Why is that relevant? Shanahan wanted Jones ahead of the 2021 NFL Draft, and he considered drafting Jones with the No. 3 overall pick that year before ultimately opting for Trey Lance.

"I knew before we [traded up to No. 3] how I felt about the quarterbacks and how good we would be to take them at 12,"  Shanahan told the I Am Athlete podcast. "There were two that I really wanted ... Mac Jones and Trey. Those were the two guys that we were locked in on from the beginning."

So, would a coach running a similar scheme see in Jones what Shanahan once saw? Even if it's as a backup option to a highly-drafted quarterback?

"I think he's salvageable, there's no question about it," former NFL quarterback Rich Gannon told 98.5 The Sports Hub. "He was 10-7 as a rookie with Josh [McDaniels] and he did a lot of good things. I thought his arrow was trending in the right direction. Matt Patricia] comes in the second year, and in fairness to a young quarterback, change around a young quarterback is never a good thing.

"In his third year, Bill O'Brien comes in. I was excited about Bill coming in. I've covered a lot of Bill's games over the years, in Houston, even when he was with the Patriots. I've got great respect for his body of work and who he is as a coach. I thought that would be a good marriage.

"I think what happened was, he got off to a slow start, struggled, turned the ball over, got yanked from a game or two, and his confidence, after what happened last year, it was just too much to overcome."

Former NFL MVP Rich Gannon joins Phil Perry on Zolak & Bertrand to discuss whether Mac Jones can bounce back from his struggles the past two seasons

Gannon saw some similarities in what's happened to Jones the last two years and what happened in his own career. Well before he established himself as one of the top quarterbacks in the league in the early 2000s, he couldn't get on the field in the late 1980s with the Vikings. He spent a year in Washington and four with the Chiefs before taking off with the Raiders, making his first Pro Bowl in 1999 under Jon Gruden at 34 years old, and winning MVP in 2002.

"I went through that in Minnesota," Gannon explained. "I waited for a chance to play. Finally got a chance to play. A coach never put his arm around me, gave me that opportunity and embraced me. I was never the guy, and they kicked me to the curb. I had to go to Washington for a year, then Kansas City and really kind of rehabilitate if you will, get my confidence back and find someone who believes in me.

"That's what Mac needs. It's tough when you're the guy, then you're not the guy. Bailey Zappe is in there. The struggle was his completion percentages come down, touchdowns come down, he wins 10 games his first year, the second it's six, this year it's two. It's tough.

"But the offensive line was a bit of an issue. When you don't have the people on the perimeter, it's hard to win. It's hard enough to play this game when you're healthy and you got a good team around you. It's really a struggle when you've got some issues with personnel."
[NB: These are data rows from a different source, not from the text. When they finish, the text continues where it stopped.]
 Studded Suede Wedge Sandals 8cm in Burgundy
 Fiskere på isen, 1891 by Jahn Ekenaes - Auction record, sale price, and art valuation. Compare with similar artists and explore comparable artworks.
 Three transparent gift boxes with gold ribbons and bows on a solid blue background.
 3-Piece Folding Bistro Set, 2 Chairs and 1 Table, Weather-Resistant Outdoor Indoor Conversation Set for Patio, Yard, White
Depite the change in scheme coming to New England, it could very well be a change in scenery that Jones needs to turn the page on this chapter of his career -- as was the case for Young when he went from Tampa Bay to San Francisco or Gannon when he left Minnesota.
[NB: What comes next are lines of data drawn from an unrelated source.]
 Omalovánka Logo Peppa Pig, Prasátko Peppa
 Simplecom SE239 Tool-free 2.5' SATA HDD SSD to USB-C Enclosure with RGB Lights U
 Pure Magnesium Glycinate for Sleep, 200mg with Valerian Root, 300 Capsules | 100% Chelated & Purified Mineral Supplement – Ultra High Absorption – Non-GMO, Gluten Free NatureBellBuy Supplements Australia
If that happens, Meyers believes his old quarterback will revive his career.

"I think so," he said. "He's a good player, man. First off, you want to play with people that work hard. You know they're in there working so you need to be in there working, too. Second, he can throw a ball. He can throw a football. He can read a defense. He's going to put it on the money. He's a good player.

"It's hard for any job, working in the conditions when you're not comfortable... It's tough, man. Everybody wants to be comfortable at their workplace, and that didn't look like a comfortable environment from afar."